[Stored data entries]
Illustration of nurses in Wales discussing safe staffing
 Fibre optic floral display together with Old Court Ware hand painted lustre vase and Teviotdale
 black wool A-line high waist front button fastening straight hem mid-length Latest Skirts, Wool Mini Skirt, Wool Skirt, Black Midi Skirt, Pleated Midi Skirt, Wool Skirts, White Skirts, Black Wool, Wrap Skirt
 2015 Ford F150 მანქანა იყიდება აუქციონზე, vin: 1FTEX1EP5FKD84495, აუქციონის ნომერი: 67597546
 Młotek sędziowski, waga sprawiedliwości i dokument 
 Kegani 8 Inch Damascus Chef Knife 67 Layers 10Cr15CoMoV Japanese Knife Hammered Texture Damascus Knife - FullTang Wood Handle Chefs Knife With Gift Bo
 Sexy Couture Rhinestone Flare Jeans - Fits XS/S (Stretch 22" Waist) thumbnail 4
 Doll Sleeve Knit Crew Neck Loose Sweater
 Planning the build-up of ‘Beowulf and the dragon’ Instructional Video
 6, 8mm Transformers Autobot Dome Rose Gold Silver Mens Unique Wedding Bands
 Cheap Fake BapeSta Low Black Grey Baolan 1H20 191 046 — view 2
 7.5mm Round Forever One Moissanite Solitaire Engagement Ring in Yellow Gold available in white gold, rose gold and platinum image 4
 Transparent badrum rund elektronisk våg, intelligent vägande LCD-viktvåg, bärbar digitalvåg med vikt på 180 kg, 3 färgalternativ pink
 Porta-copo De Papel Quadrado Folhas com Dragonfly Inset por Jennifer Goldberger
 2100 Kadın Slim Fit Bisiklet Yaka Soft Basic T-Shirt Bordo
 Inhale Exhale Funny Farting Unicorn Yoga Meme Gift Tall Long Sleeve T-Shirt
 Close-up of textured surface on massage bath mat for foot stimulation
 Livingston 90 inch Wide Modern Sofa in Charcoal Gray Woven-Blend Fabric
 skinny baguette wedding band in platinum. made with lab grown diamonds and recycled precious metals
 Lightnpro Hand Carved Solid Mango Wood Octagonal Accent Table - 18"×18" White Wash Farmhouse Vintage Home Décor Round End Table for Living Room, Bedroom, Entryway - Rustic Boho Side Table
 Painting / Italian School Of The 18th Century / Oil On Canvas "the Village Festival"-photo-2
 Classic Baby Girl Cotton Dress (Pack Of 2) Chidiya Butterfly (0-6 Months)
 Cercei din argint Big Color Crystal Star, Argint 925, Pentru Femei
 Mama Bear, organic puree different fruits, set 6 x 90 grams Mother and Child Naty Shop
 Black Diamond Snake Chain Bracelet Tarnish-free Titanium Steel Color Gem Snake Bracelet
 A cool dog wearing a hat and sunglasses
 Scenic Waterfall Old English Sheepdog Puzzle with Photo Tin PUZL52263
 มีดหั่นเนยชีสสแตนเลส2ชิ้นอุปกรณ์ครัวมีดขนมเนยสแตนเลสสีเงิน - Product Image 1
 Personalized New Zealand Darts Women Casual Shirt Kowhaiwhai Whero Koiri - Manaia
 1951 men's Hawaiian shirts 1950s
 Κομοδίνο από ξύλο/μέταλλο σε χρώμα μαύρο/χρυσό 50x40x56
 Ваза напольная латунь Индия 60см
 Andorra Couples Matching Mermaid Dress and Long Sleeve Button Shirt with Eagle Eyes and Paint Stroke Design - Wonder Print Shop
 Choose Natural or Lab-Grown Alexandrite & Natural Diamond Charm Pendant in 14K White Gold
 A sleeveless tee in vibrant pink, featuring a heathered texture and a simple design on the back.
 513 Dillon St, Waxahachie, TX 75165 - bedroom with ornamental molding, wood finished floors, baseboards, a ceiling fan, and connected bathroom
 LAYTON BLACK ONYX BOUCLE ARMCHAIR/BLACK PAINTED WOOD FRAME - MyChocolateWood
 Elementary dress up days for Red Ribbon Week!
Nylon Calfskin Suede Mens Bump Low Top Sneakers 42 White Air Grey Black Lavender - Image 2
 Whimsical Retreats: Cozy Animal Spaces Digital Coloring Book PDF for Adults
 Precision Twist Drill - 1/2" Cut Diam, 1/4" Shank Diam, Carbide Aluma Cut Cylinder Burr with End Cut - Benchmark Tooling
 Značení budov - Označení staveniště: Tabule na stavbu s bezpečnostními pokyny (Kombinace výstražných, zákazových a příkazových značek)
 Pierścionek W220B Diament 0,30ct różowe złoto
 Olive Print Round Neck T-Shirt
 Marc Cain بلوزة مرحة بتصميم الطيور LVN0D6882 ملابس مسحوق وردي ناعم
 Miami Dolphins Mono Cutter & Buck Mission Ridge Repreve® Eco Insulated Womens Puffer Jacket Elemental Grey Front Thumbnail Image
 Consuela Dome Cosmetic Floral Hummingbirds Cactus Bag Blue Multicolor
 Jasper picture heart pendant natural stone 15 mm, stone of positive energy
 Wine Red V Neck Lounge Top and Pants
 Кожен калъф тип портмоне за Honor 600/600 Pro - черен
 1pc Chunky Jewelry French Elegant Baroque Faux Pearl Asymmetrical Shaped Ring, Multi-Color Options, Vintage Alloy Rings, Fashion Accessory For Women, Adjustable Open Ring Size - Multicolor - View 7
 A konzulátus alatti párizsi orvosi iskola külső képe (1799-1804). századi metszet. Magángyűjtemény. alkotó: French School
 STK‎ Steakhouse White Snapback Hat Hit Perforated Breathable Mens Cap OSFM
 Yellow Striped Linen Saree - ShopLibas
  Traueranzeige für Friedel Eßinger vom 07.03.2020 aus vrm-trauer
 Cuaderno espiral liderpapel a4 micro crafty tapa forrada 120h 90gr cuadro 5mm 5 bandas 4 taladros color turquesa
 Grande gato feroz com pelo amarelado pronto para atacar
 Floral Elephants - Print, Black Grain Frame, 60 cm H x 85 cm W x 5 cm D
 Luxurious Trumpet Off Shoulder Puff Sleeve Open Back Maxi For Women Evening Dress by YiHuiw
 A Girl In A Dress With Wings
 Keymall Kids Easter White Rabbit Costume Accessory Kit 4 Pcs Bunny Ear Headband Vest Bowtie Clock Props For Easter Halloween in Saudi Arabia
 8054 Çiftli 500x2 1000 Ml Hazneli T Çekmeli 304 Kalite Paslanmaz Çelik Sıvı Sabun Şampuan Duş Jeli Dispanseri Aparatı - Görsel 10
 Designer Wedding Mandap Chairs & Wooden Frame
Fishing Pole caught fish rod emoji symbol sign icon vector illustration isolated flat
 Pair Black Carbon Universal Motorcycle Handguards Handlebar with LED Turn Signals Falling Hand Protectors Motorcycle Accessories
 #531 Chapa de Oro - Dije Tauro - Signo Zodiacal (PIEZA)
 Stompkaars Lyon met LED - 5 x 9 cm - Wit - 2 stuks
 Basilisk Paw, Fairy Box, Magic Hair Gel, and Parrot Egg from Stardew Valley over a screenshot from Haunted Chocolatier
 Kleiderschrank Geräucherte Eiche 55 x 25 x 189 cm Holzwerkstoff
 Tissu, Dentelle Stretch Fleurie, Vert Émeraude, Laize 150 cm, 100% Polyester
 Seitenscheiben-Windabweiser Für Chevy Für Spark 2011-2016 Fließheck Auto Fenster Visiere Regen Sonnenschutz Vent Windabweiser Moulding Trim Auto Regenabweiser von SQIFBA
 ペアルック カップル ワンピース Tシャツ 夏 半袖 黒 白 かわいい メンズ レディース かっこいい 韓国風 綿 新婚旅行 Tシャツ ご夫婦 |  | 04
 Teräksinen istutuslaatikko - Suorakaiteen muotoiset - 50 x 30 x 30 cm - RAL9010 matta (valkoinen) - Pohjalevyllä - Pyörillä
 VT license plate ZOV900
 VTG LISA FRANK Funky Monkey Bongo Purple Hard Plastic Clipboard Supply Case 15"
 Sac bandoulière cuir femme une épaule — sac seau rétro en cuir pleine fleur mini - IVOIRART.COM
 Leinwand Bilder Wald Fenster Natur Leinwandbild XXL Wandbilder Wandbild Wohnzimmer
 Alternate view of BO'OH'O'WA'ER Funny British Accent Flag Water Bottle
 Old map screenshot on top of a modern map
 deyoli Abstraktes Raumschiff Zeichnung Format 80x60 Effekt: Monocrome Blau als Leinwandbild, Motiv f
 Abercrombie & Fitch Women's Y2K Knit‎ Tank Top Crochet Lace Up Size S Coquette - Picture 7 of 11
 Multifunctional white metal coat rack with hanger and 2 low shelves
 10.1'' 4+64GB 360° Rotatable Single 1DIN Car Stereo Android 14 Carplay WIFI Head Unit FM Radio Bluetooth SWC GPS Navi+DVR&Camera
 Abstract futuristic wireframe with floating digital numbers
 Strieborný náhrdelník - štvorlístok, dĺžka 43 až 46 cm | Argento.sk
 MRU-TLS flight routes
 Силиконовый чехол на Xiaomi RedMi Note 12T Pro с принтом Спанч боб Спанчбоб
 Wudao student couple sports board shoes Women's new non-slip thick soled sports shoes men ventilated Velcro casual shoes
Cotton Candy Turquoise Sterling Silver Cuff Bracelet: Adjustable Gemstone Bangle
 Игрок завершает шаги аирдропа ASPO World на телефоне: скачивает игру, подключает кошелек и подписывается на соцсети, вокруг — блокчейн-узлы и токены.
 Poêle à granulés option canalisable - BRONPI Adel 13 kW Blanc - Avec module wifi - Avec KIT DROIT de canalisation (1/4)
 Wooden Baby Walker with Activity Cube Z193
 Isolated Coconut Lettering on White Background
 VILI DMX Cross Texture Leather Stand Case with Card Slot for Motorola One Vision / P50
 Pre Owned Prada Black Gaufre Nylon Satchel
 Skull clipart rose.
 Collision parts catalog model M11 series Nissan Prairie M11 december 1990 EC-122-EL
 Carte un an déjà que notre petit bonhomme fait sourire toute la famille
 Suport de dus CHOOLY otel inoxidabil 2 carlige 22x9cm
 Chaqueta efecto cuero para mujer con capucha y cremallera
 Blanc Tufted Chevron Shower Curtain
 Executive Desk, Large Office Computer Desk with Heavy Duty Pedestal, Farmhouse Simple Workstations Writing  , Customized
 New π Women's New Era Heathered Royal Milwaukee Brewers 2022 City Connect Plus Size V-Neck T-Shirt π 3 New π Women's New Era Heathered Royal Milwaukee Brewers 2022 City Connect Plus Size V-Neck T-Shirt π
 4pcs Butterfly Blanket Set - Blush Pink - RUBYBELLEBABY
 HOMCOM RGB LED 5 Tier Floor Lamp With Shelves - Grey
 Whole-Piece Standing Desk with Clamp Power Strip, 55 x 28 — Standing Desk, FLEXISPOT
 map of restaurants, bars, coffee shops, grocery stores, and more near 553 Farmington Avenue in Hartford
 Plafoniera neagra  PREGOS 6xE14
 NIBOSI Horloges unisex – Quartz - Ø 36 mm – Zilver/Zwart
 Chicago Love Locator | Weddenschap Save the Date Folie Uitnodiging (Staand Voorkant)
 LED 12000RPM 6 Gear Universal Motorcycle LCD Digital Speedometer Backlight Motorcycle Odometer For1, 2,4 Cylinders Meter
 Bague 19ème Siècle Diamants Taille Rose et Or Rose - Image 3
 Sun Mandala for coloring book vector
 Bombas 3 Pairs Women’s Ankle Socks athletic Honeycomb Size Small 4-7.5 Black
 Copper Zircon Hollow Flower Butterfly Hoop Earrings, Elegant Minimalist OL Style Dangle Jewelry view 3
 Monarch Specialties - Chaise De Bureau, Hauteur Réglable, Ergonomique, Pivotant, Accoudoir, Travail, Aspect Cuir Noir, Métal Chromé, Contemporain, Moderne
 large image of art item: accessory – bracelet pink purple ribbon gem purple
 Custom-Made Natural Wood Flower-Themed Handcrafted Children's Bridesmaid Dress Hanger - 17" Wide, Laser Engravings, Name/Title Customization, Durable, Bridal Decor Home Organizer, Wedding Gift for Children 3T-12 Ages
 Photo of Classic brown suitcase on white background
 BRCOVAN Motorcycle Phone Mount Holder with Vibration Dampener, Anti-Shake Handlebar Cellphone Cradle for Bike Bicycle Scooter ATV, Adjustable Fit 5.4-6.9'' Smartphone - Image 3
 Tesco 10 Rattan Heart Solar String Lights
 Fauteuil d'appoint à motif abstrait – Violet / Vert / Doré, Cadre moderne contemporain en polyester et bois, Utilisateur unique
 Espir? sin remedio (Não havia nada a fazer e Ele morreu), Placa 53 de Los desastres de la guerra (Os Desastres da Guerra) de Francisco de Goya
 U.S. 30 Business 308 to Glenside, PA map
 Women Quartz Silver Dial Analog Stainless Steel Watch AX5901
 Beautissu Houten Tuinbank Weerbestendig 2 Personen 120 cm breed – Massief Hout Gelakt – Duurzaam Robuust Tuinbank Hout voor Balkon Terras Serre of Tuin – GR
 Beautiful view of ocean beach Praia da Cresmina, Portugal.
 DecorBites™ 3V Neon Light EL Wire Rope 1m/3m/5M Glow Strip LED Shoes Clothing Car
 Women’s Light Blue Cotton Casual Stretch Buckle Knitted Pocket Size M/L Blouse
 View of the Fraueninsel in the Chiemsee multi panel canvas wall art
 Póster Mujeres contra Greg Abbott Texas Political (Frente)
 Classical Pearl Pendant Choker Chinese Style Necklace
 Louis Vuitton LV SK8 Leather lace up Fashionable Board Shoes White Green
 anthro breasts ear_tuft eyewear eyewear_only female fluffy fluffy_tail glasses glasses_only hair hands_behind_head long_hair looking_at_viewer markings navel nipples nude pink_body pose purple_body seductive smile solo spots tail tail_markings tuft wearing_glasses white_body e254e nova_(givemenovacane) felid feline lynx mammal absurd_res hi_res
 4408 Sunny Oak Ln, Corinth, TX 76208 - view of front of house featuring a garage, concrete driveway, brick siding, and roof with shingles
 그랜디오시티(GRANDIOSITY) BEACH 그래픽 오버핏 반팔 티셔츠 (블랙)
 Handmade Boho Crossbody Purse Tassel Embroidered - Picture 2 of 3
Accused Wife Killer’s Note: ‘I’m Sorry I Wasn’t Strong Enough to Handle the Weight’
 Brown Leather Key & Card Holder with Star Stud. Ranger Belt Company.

> **Work required**: Working from the records above, find how many lines contain the string "Note" and answer with the bare number.

> **Result below**: 2